A stir plate does not allow one to exceed maximum cell density.  A stir plate does not provide much in the way of aeration when run at a speed low enough to prevent shear stress.  Any increase in yeast biomass is the result of cells that have kicked the bucket.  Continuous propagation overcomes the maximum cell density problem by continuously removing yeast cells.
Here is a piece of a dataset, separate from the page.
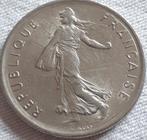 FRANCE : 5 FRANCS 1994 KM 926a.1  SUP, Timbres & Monnaies, Monnaies | Europe | Monnaies non-euro, Envoi, France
However, that’s not how breweries perform an initial pitch.  Breweries that do not own a propagator usually start by inoculating an initial amount of wort at a rate of 1L of purchased yeast per barrel.  This initial inoculation is stepped at a rate of 10 to 1 when the propagation media reaches approximately 50% attenuation.

Please post microscope photo a methylene blue stained slide of your yeast.

No one is suggesting that one should perform a direct pitch.  One of the critical things that a starter does when using White Labs yeast is allow the yeast cells to wake up and reverse the survival-related morphological changes that they underwent at the end of batch fermentation at White Labs in a relatively low density, high yeast cell to wort volume environment.  This step is critical because the remaining viable cells have usually had time to consume a good percentage of their glycogen stores.

You do not need waste money on a stir plate.  Do yourself a favor search the forum using the terms “shaken, not stirred” and “James Bond Method.”  You probably already own everything that you need to make a healthy starter using this method.